HESI LPN
Medical Surgical HESI
1. Laboratory findings indicate that a client’s serum potassium level is 2.5 mEq/L. What action should the nurse take?
- A. Administer potassium supplements orally.
- B. Increase the client's dietary potassium intake.
- C. Inform the healthcare provider of the need for potassium replacement.
- D. Monitor the client's ECG continuously.
Correct answer: C
Rationale: A serum potassium level of 2.5 mEq/L is critically low, indicating severe hypokalemia. In this situation, it is essential for the nurse to inform the healthcare provider promptly about the need for potassium replacement. Administering potassium supplements orally or increasing dietary potassium intake is not appropriate in cases of critically low potassium levels as immediate and precise replacement is necessary. Monitoring the client's ECG continuously is important in severe cases of hypokalemia, but the priority action should be to inform the healthcare provider for further management and treatment.
2. The nurse determines that an adult client who is admitted to the post-anesthesia care unit (PACU) following abdominal surgery has a tympanic temperature of 94.6°F (34.4°C), a pulse rate of 88 beats/minute, a respiratory rate of 14 breaths/minute, and a blood pressure of 94/68 mmHg. Which action should the nurse implement?
- A. Check the BP every five minutes for one hour.
- B. Raise the HOB 60 to 90 degrees.
- C. Ask the client to cough and deep breathe.
- D. Take the client’s temperature using another method.
Correct answer: D
Rationale: Taking the temperature using another method is essential in this situation to verify if the low reading is accurate and requires further intervention. The tympanic temperature of 94.6°F may be inaccurate due to various factors such as improper technique or environmental conditions. Checking the blood pressure every five minutes for one hour (Choice A) is not the priority in this case as the low blood pressure reading alone does not necessitate such frequent monitoring. Raising the head of the bed 60 to 90 degrees (Choice B) is not directly related to addressing the low temperature and blood pressure. Asking the client to cough and deep breathe (Choice C) is a general intervention that may not directly address the specific concern of the low temperature reading.
3. What is the main characteristic of cystic fibrosis?
- A. Multiple upper respiratory infections
- B. An underproduction of exocrine glands
- C. Excessive, thick mucus
- D. An overproduction of thin mucus
Correct answer: C
Rationale: The main characteristic of cystic fibrosis is the production of excessive, thick mucus. This thick mucus leads to blockages in the airways, digestive system, and other organs. Choice A is incorrect because while individuals with cystic fibrosis are more prone to respiratory infections, the main characteristic is the mucus production. Choice B is incorrect as cystic fibrosis is characterized by the overproduction, not underproduction, of exocrine glands. Choice D is also incorrect as the mucus produced in cystic fibrosis is thick, not thin.
4. A client with a spinal cord injury at the level of T1 is at risk for autonomic dysreflexia. Which symptom is indicative of this condition?
- A. Hypotension
- B. Tachycardia
- C. Severe headache
- D. Flushed skin below the level of injury
Correct answer: C
Rationale: Corrected Rationale: Autonomic dysreflexia is a condition commonly seen in clients with spinal cord injuries at T6 or above. It is characterized by a sudden onset of severe hypertension, pounding headache, profuse sweating, nasal congestion, and flushing of the skin above the level of injury. The severe headache is a key symptom resulting from uncontrolled hypertension. Choices A, B, and D are incorrect as autonomic dysreflexia typically presents with hypertension, not hypotension, tachycardia, or flushed skin below the level of injury.
5. A community hit by a hurricane has suffered mass destruction and flooding.

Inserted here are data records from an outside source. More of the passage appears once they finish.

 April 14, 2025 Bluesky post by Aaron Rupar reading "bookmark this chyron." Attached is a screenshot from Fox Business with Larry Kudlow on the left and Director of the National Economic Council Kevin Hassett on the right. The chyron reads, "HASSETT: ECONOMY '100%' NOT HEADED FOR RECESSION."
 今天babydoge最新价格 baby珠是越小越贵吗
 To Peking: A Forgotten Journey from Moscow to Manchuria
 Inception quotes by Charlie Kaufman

Several facilities are not functioning, and the area is contaminated with human excretions. The nurse is developing a plan of care for clients diagnosed with cholera after an outbreak. Which intervention has the highest priority?

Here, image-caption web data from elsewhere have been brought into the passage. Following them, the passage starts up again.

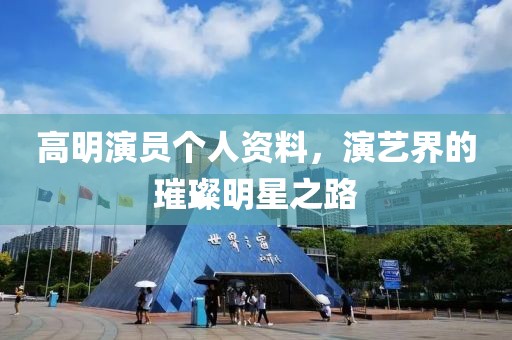 高明演员个人资料，演艺界的璀璨明星之路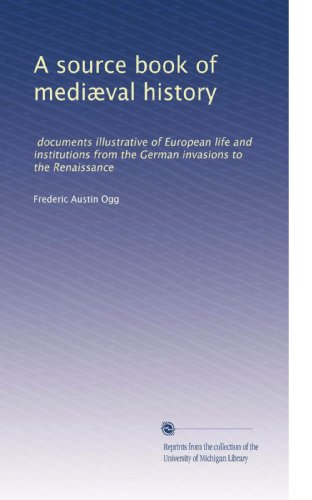 A source book of mediæval history: documents illustrative of European life and institutions from the German invasions to the Renaissance - Click to Buy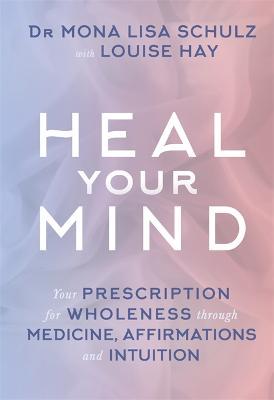 Heal Your Mind: Your Prescription for Wholeness through Medicine, Affirmations and Intuition - Mona Lisa Schulz - cover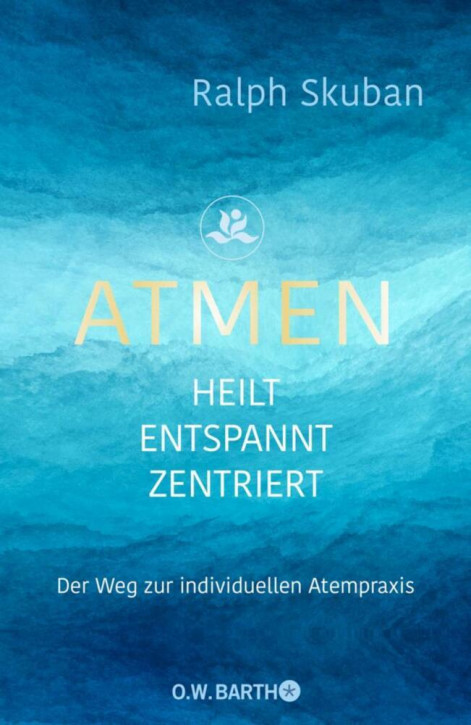 ATMEN heilt - entspannt - zentriert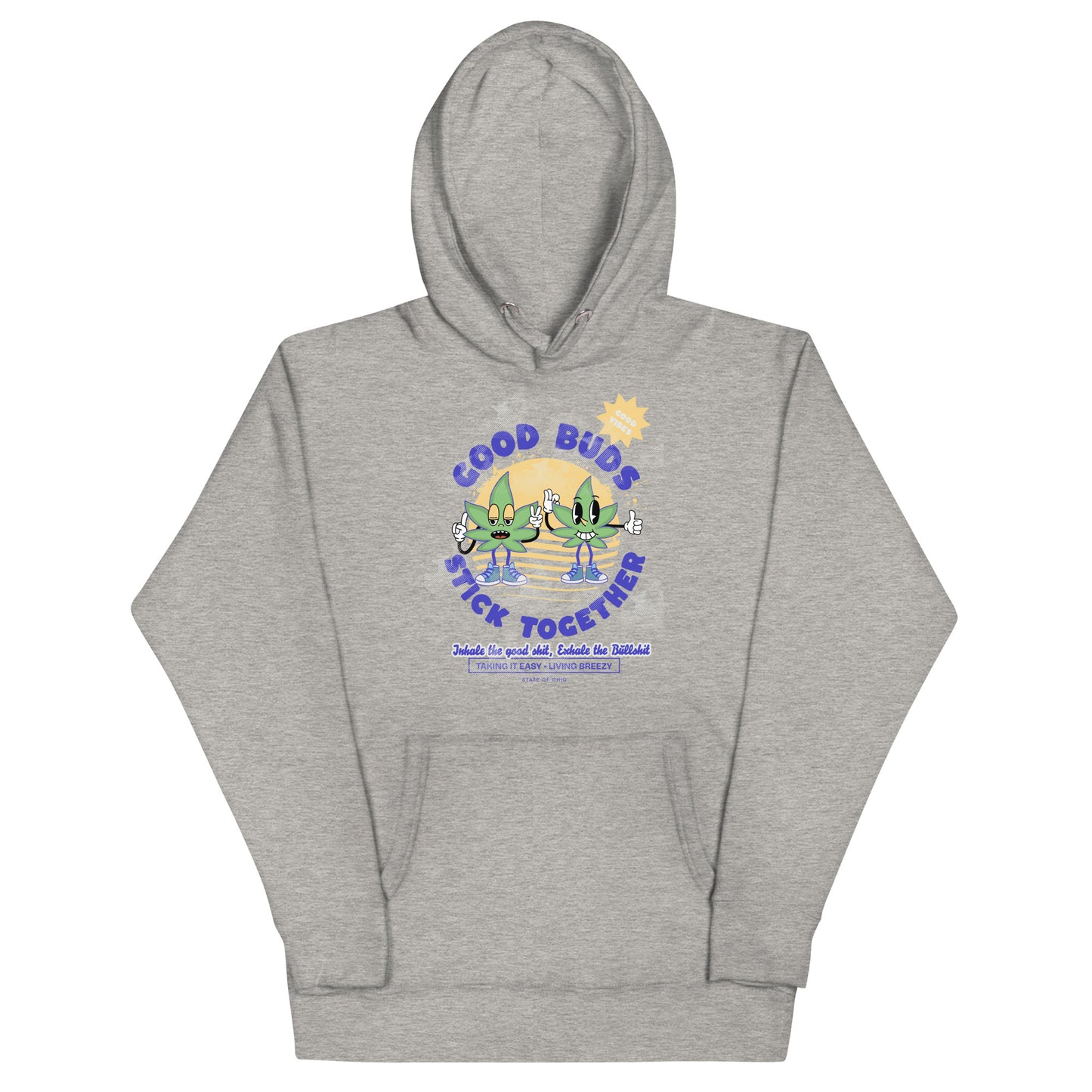 Good Buds Stick Together Unisex Hoodie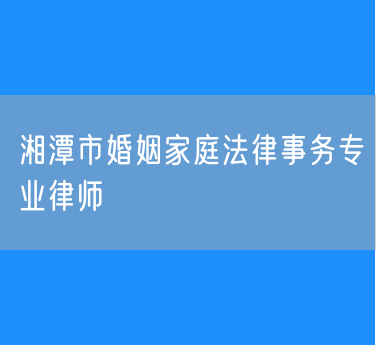 湘潭市婚姻家庭法律事务专业律师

- A. Administer prophylactic antibiotics as prescribed.
- B. Provide fluid and electrolyte replacement.
- C. Isolate all infectious diarrhea victims.

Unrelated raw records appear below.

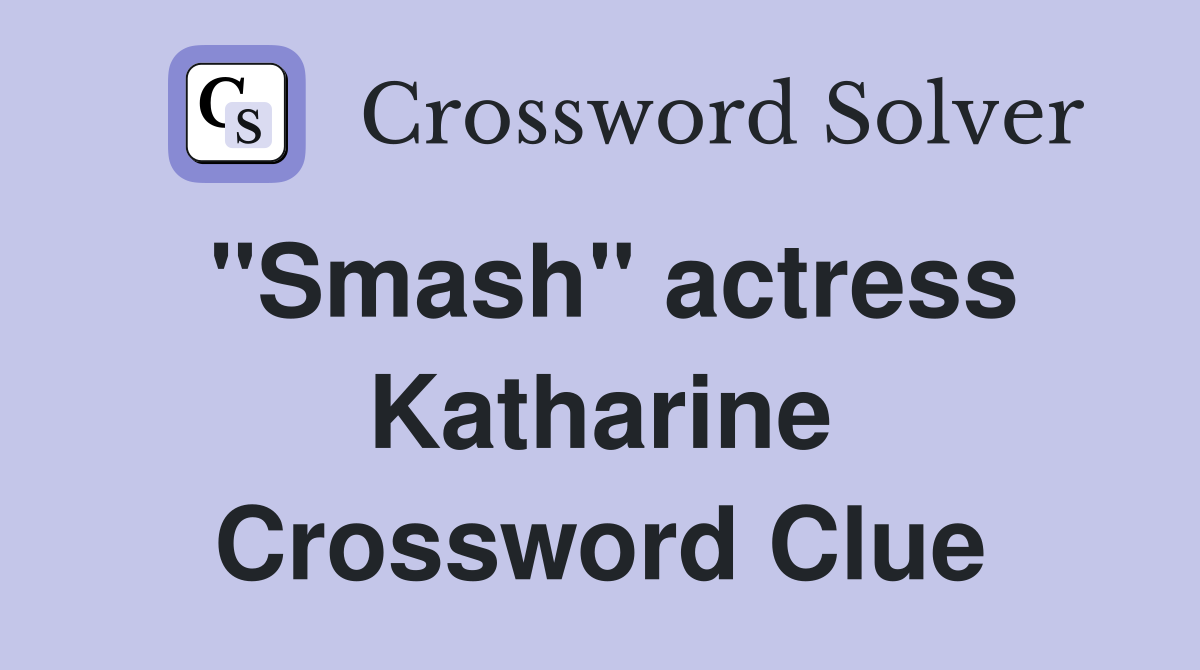 "Smash" actress Katharine Crossword Clue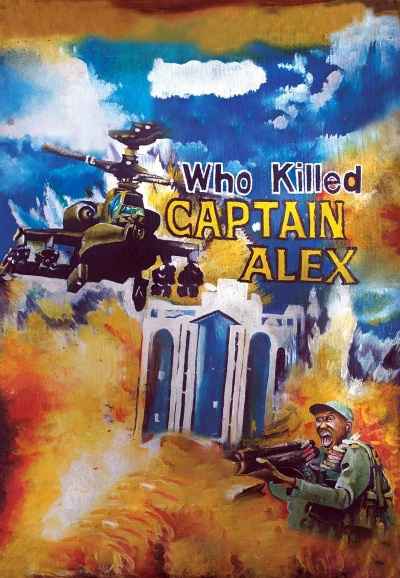 Who Killed Captain Alex?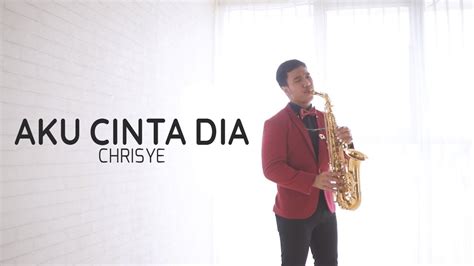 Aku Cinta Dia - Chrisye (Saxophone Cover by Desmond Amos) - YouTube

- D. Administer cholera vaccine.
Correct answer: B
Rationale: Providing fluid and electrolyte replacement is the highest priority to prevent dehydration and shock in clients with cholera. Administering prophylactic antibiotics may be necessary but is not the highest priority. Isolating infectious diarrhea victims is important for preventing the spread of infection, but addressing fluid and electrolyte imbalances takes precedence. Administering a cholera vaccine is preventive and not the immediate priority in treating clients already diagnosed with cholera.